どこの学校と合同で行うのか、具体的な行動予定や進捗状況、そして開催地は申請には欠かせない内容。
もっともっと申請書を詰めていく必要がありそうです。
生徒会メンバーが一人一人可愛らしいのはもちろん、せつ菜の正体がいつバレるのかというヒヤヒヤ感もあって、生徒会室でのシーンは個人的にも特に好きなシーンです。
「みんなの夢、私の夢」
既に前話までに伏線は十分に張られていますが、さらに不安を煽るのがこのサブタイトルと色。
これまでのサブタイトル表記は全ての文字に色が付くことはありましたが、一部にのみ色が付くのは初めて。

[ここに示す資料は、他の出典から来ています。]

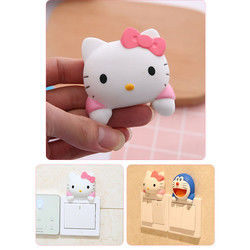 Kt Cat การ์ตูน Switch Cover ห้องตกแต่ง 3D On-Off Switch Sticker Switch Outlet Wall Sticker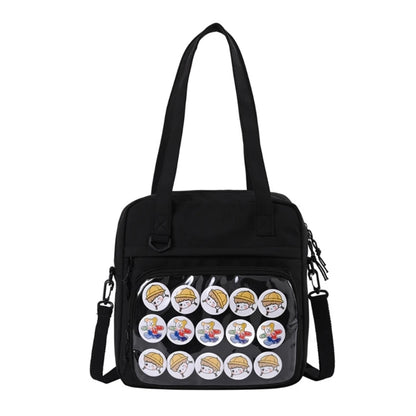 Harajuku Crossbody Bags Girls JK Bag Shoulder Bag Clear Window Handbag for Women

『蒼穹のファフナー』ファンであれば、死人が出てもおかしくないというところまで想像が膨らんでしまいます。
結果的に死人は出ないのですが、みんなの夢と、ピンク色の私の夢が対立関係にあるというのは大きなポイントの一つです。
協力を優しく断られる歩夢
申請書を詰めていくうえで、まだまだ課題は盛りだくさん。
普段のせつ菜であれば、企画段階でもっと内容を煮詰めていてもおかしくない気がしますが、「気持ちがはやっていて…」という可愛い一面も。

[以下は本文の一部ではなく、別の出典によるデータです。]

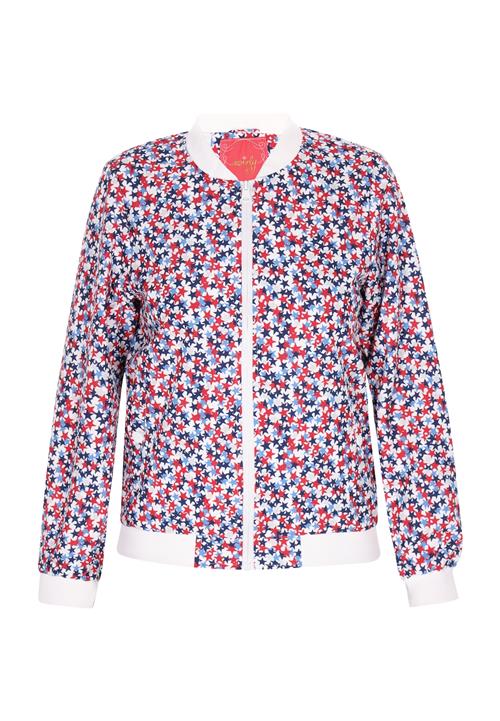 swirly Overgangsjakke  lyseblå / mørkeblå / rød / hvid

歩夢も自分に何かできることがあれば手伝うと提言しますが、フェスの練習で大変だろうからと断られてしまいます。
お互いのことを想い合っているからこそのすれ違い。
この段階で歩夢は既に自分の無力感に苛まれていたのかもしれません。
開催地決定のための下見
大ホールやジョイポリスのステージ、屋外ステージ、ヴィーナスフォートのステージ、フェスティバル広場など開催地決定のため各所を回る同好会一行。
今までの素晴らしいステージを思い出させてくれる背景にエモーショナルな思いです。
お客さんとの距離が近い方がいい、自然の中がいい、街中で歌ってみたいなど意見はバラバラ。

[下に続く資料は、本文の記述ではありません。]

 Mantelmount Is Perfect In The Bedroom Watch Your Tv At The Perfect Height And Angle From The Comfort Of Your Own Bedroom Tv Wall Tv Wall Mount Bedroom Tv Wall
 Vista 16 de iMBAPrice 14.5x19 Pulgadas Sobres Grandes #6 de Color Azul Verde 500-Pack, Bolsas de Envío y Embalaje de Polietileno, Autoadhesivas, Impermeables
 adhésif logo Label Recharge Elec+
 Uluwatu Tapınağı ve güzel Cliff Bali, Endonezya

良い意味で非常に個性的なメンバーですが、会場決めは難航する予感。
東雲学院と藤黄学園も前向きに検討
4対4での合同ライブの打ち合わせ。
第9話で「ダイバーフェス」の話を持ってきた姫乃と果林の邂逅。
姫乃が果林のファンであることを知り大人なサービスをするこんなカットも。
東雲学院と藤黄学園も、スクールアイドルフェスティバルの志に共感し前向きに検討するとのこと。
他校との合同という話もこれでひとまず決着がつきそうです。
この打ち合わせに歩夢を呼んでも良いのではないかという気がしますが、侑はもちろんのこと、知名度のあるせつ菜、「ダイバーフェス」で繋がりのある果林、妹も同席するということで彼方という3人を考えると席の空きは無し。
侑とせつ菜が同席しているということもあって、より一層歩夢の無力感、嫉妬心が強くなってしまったことでしょう。
侑の雀荘ポーズ
自分が第11話を見る前にTwitterで回ってくるほど話題になっていた雀荘ポーズ。
長考するとき確かにこういうポーズをよく見かける気がします。
口元の手の当て方はもちろんのこと、左手を付いて肘を張っているのがよりそれっぽく見えますね。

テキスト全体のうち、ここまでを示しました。